# pleasing pumpkin NG frag



## deg195 (Oct 21, 2013)

Hi, I have used BB Pumpking Spice which I love!!!!
But, ran out and have a big bottle of NG pleasing pumpkin which I 
have not tried.  Need to re-up my pumpkin soap supply and wondering
if the Pleasing Pumking frag is good.  Any reviews out there?
Happy Soaping
-Barb


----------



## judymoody (Oct 21, 2013)

I checked the SSRB site and didn't see any reviews.
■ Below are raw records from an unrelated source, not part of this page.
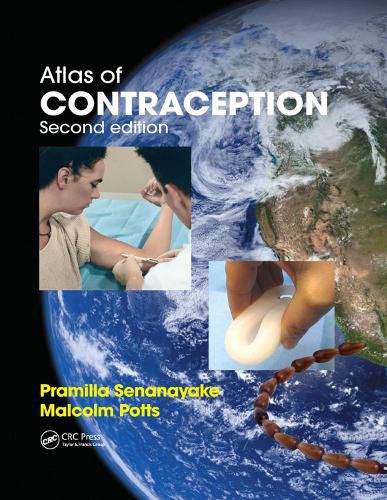 Cover image for Atlas of Contraception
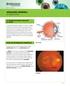 retinopatía diabética un vistazo a fondo
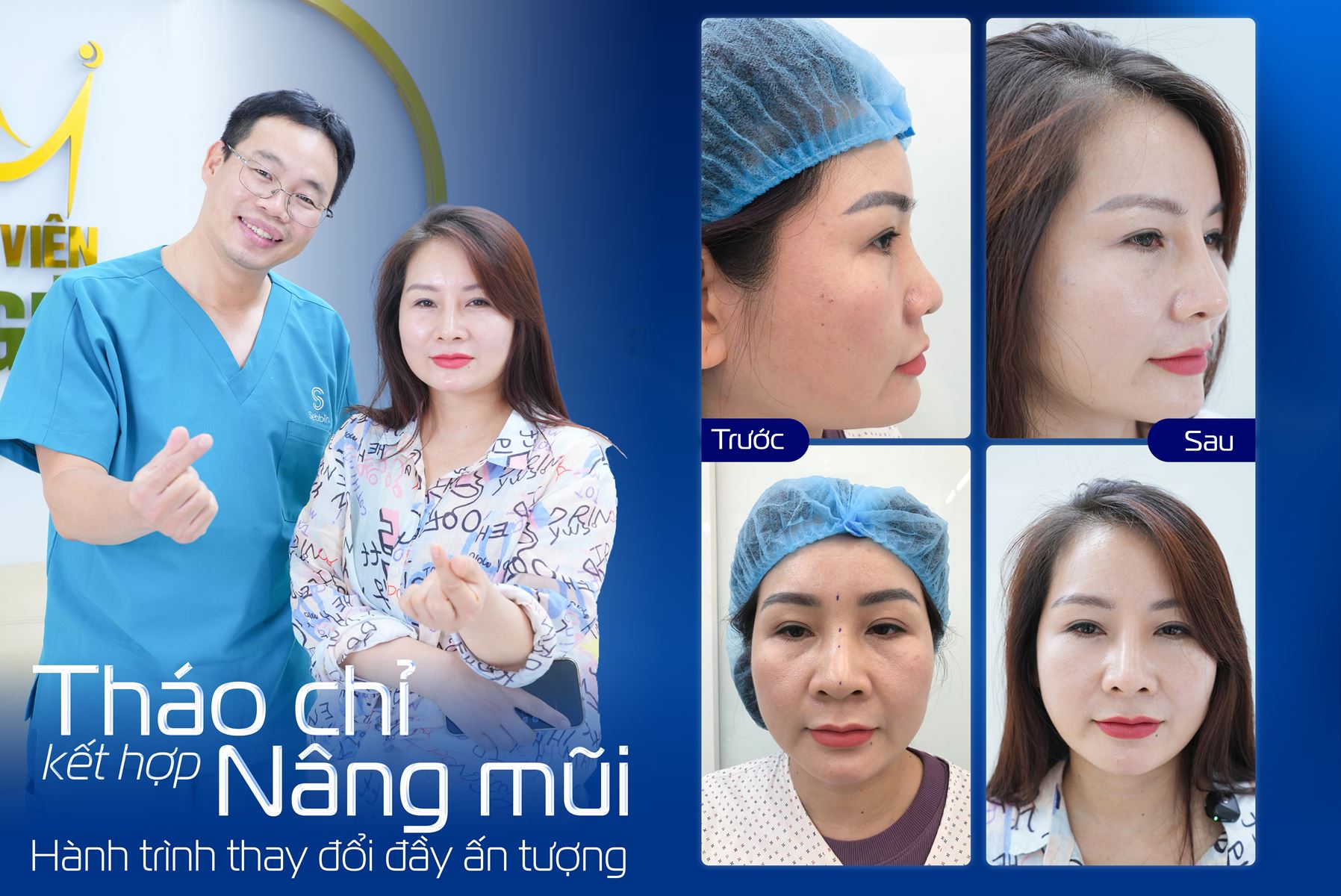 Giải cứu ca nâng mũi chỉ kết hợp filler: 1 năm nhìn lại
NG's site says it discolors to chocolate brown and has minor acceleration.


----------



## deg195 (Oct 21, 2013)

Thanks- I am really wondering about the actual scent.  Weather its yummy or not?  I think I might make a small batch to test it out first.


----------



## Paintguru (Oct 21, 2013)

IIRC, the reviews on NG are pretty good for that one.  I tossed it on my wish list for next year's fall collection (jeeze, I sound like a designer or something).


----------



## Rachelmf (Oct 21, 2013)

It smells good, but it turned out to be a lot more of a cinnamon scent than I had expected/hoped.


----------



## scrubbadubdub (Oct 21, 2013)

I was looking at this scent today while ordering but decided on Pumpkin Walnut Biscotti instead based on customer reviews even though I was looking for more of a pumpkin spice scent. Let us know how you like it :smile:


----------



## cmzaha (Oct 21, 2013)

scrubbadubdub said:


> I was looking at this scent today while ordering but decided on Pumpkin Walnut Biscotti instead based on customer reviews even though I was looking for more of a pumpkin spice scent. Let us know how you like it :smile:


 
I can let you know tomorrow about Pumpkin Walnut Biscotti. I am making gingerbread baby inbeds tonight. I smell a lot of almond but that is just smelling it out of the bottle. It is a pleasing fragrance but nothing like B&B's pumpkin spice which I love. I actually have not found a NG pumpkin as nice as Bramble B

Quick update, Pumpkin Walnut Biscotti has more cinnamon after pouring than I smell out of the bottle.


----------



## HorseCreek (Oct 22, 2013)

I ordered their Pumpkin Roll when it was on sale, and really like it. It's all fally and pumpkiny, but not super spicey like some.


----------



## deg195 (Oct 24, 2013)

ok, here is the update; fragrance oil was frosted pumpkin not pleasingly pumkin (that will teach me for having soap on the brain at work!!!)
Soaped with it last night.  Smells amazing!!!! could not stop sniffing it.  Will (hopefully) update with pics tonight after unmolding.
Barb


----------



## paillo (Oct 24, 2013)

Speaking of pumpkins fragrances that smell more like pumpkin than spice, I've fallen in love with two new to me: Pumpkin Lager from BB and Pumpkin Brulee from Soapalooza. I made both with fresh pumpkin puree, and the latter with a local microbrewery's IPA. Absolutely yummy.


----------



## deg195 (Oct 24, 2013)

So, here's the update-> Frosted Pumpkin smells great.  I think it will be a big addition to my collection.  Soaped great too.


----------



## maloga3 (Oct 26, 2013)

Looks awesome! 
So did you let the bottom/base soap set, then "whip" some white soap on the top of the hardened soap? Also, looks like a dusting of spice or color on top, whatever it is, its yummy looking for sure!


----------



## deg195 (Oct 26, 2013)

"Frosted Pumpkin" cut smells really good.
I left the base uncolored.  Then I took a little (for the topping) and added TD.
Then let the topping sit in container until it became the consistency of pudding.  Then "plopped" it on the the base.  Then lastly a sprinkle of cocoa powder thru a small strainer.


----------



## tersh79 (Oct 27, 2013)

deg195 said:


> "Frosted Pumpkin" cut smells really good.
> I left the base uncolored.  Then I took a little (for the topping) and added TD.
> Then let the topping sit in container until it became the consistency of pudding.  Then "plopped" it on the the base.  Then lastly a sprinkle of cocoa powder thru a small strainer.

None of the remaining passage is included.